§ **Aim of the task**: The pictures get dropped, while every remaining part of the listing is copied exactly.

──────── Input for this task

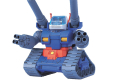 BB221 RX-75 GUNTANK
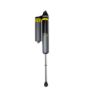 Picture of Bilstein Suspension Shock Absorber - 25-330557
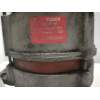 Recambio de alternador para audi 80 (811/813) cd referencia OEM IAM 0120468011 050903015J BOSCH 90A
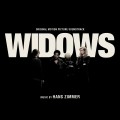 Purchase Hans Zimmer - Widows (Original Motion Picture Soundtrack) Mp3 Download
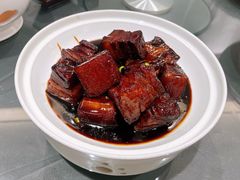 -赛德大酒店(邗江中路店)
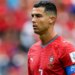 Pronostic Portugal – Ouzbékistan : Cristiano Ronaldo veut faire taire les critiques (23/06/2026)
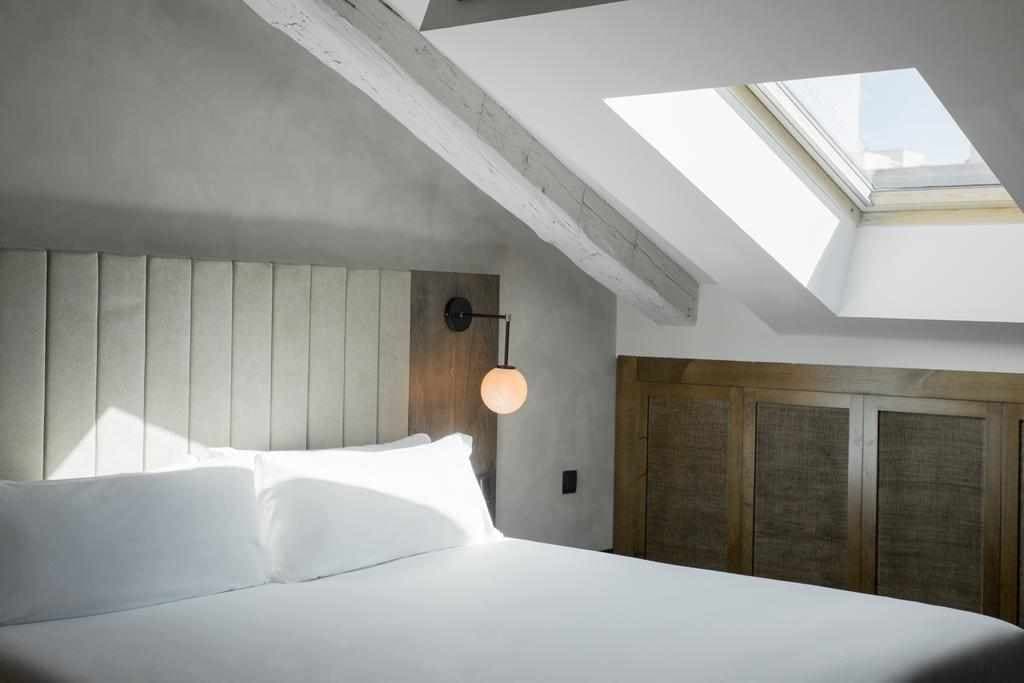 ICON Wipton Madrid photo 5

────────────────

§ **Your response**:
 BB221 RX-75 GUNTANK
 Picture of Bilstein Suspension Shock Absorber - 25-330557
 Recambio de alternador para audi 80 (811/813) cd referencia OEM IAM 0120468011 050903015J BOSCH 90A
 Purchase Hans Zimmer - Widows (Original Motion Picture Soundtrack) Mp3 Download
 -赛德大酒店(邗江中路店)
 Pronostic Portugal – Ouzbékistan : Cristiano Ronaldo veut faire taire les critiques (23/06/2026)
 ICON Wipton Madrid photo 5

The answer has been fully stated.